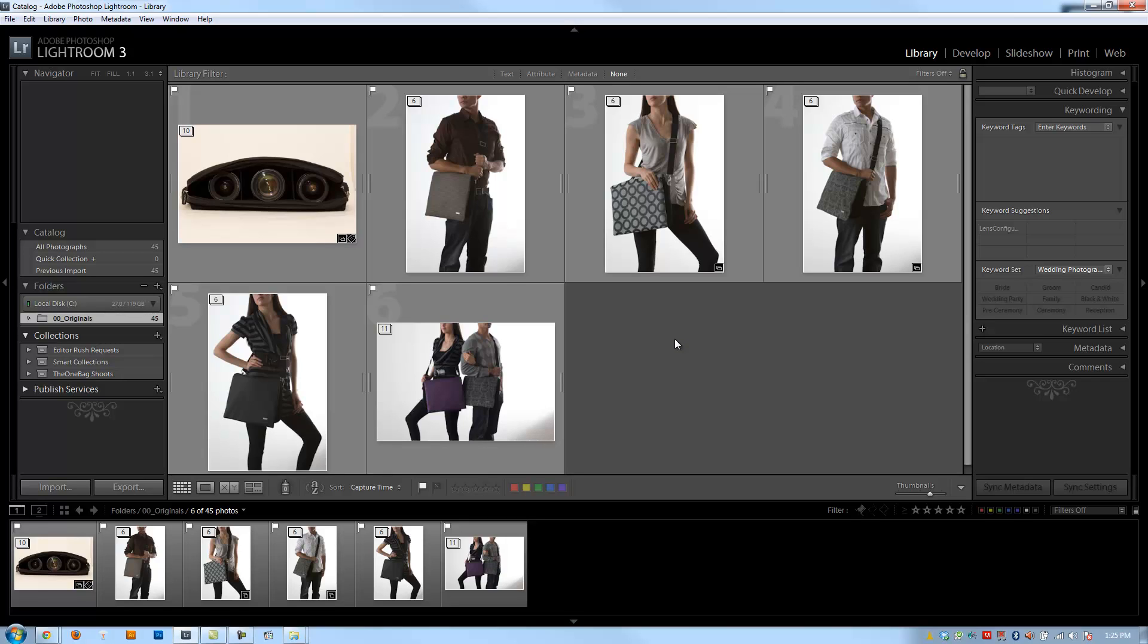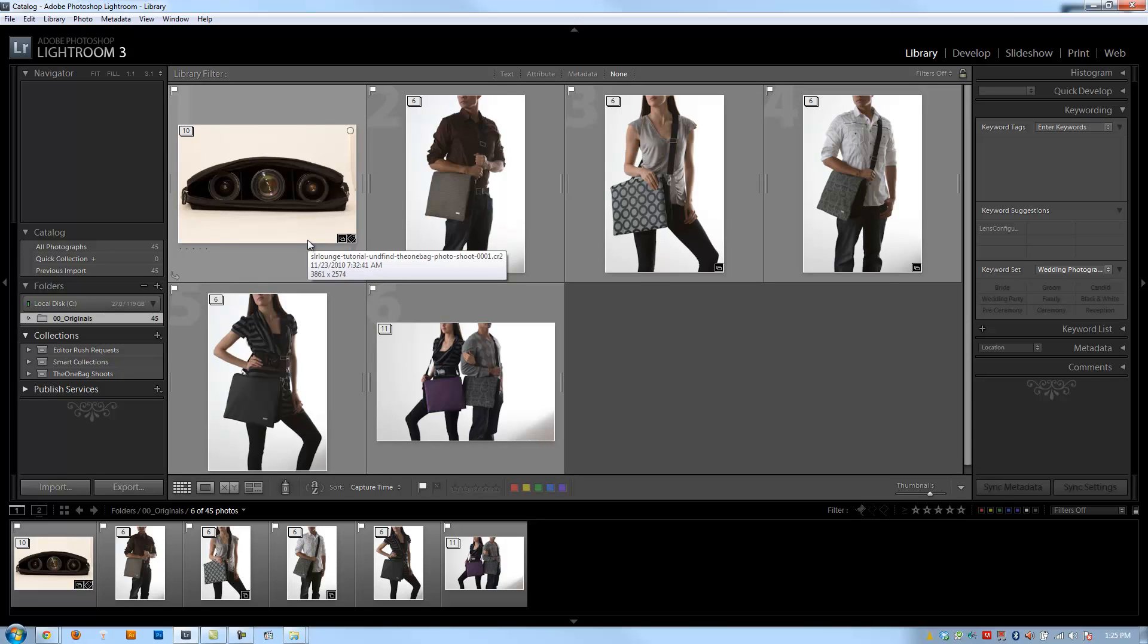Now, what is exactly the difference between keywording versus collections? I mean, they both can do very similar things. Well, collections basically, as we mentioned, are going to be a part of the catalog itself. They're not a part of the photos, so when you export the photos, collection information does not go along with it. When you transfer the catalog, it will go along with it.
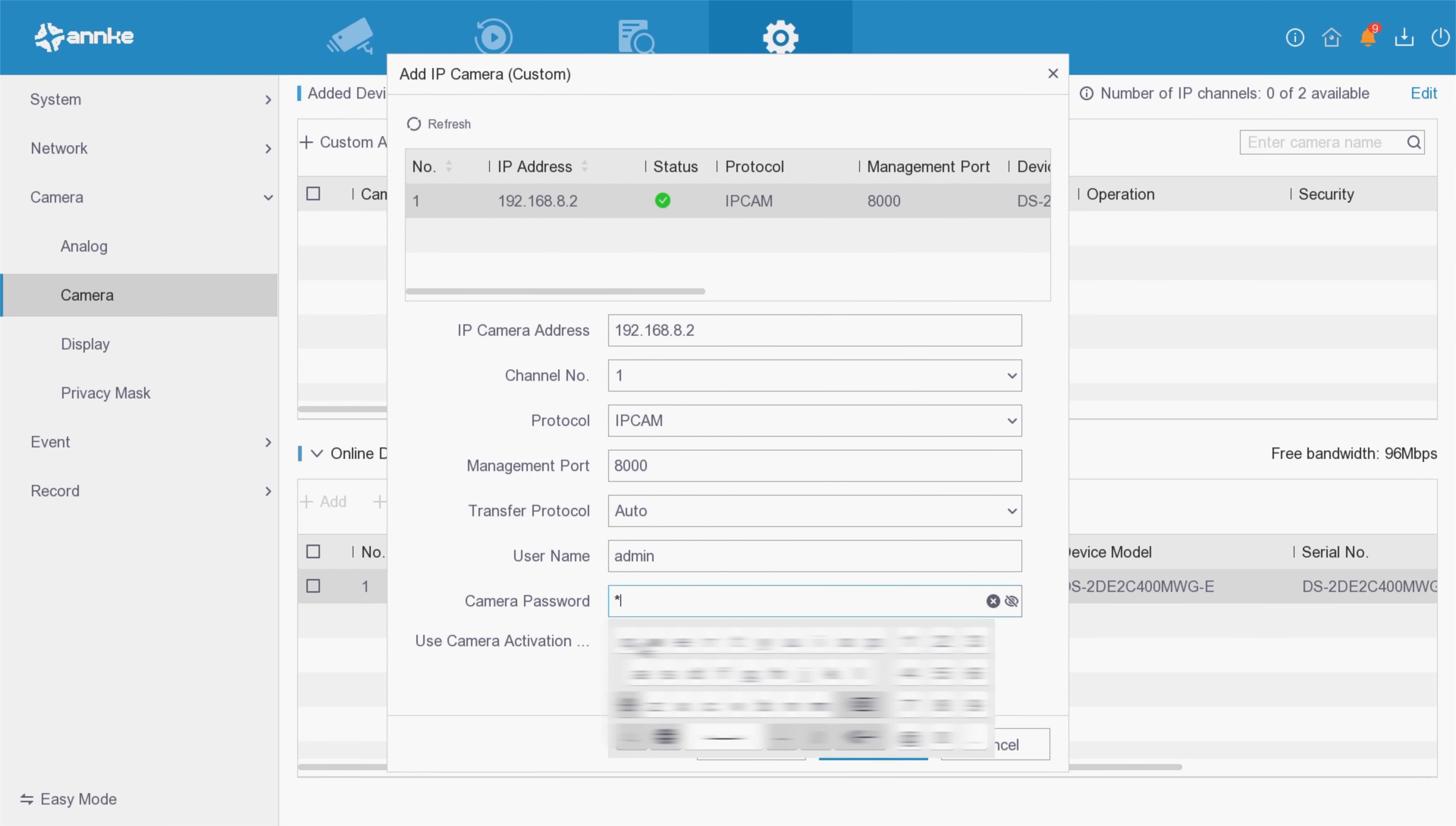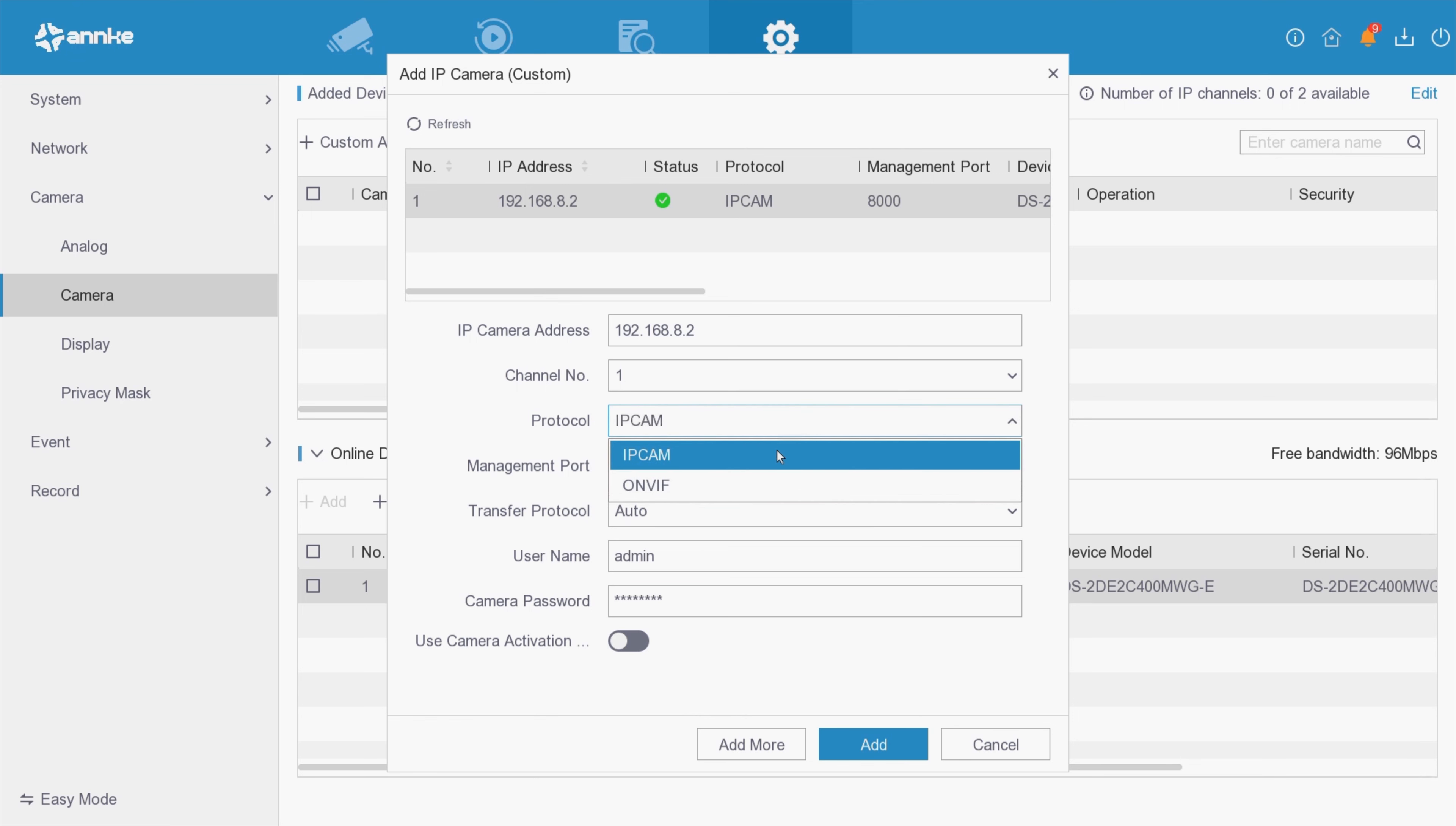Input the password of the IP camera and click OK to complete the addition. The status of the successfully added IP camera will be displayed as a green check mark.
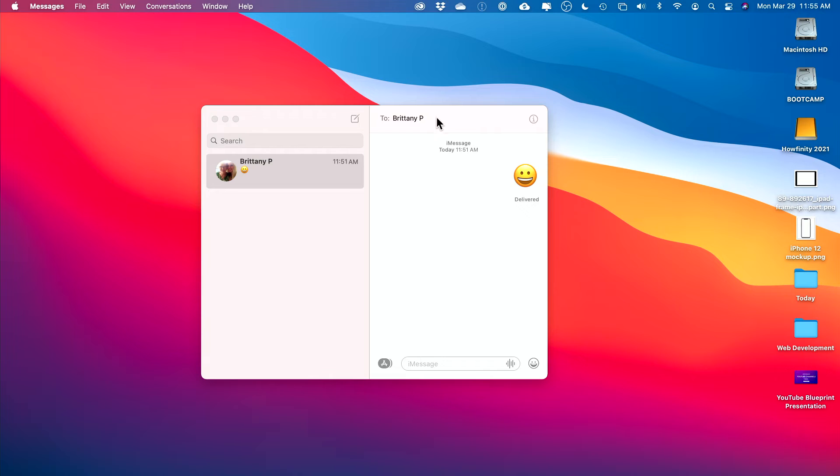There is a really easy way to share your screen on any Mac with someone else and even take control of their screen too. It's built right inside the Messages app. A lot of people don't know this, so I wanted to make a quick video to show you how to use it.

### [Task to complete]
Restrict the output to the lines from the one with "Input the password" through the last line of the material above. Print them exactly, leaving out every picture.

### [Exercise output]
Input the password of the IP camera and click OK to complete the addition. The status of the successfully added IP camera will be displayed as a green check mark.
There is a really easy way to share your screen on any Mac with someone else and even take control of their screen too. It's built right inside the Messages app. A lot of people don't know this, so I wanted to make a quick video to show you how to use it.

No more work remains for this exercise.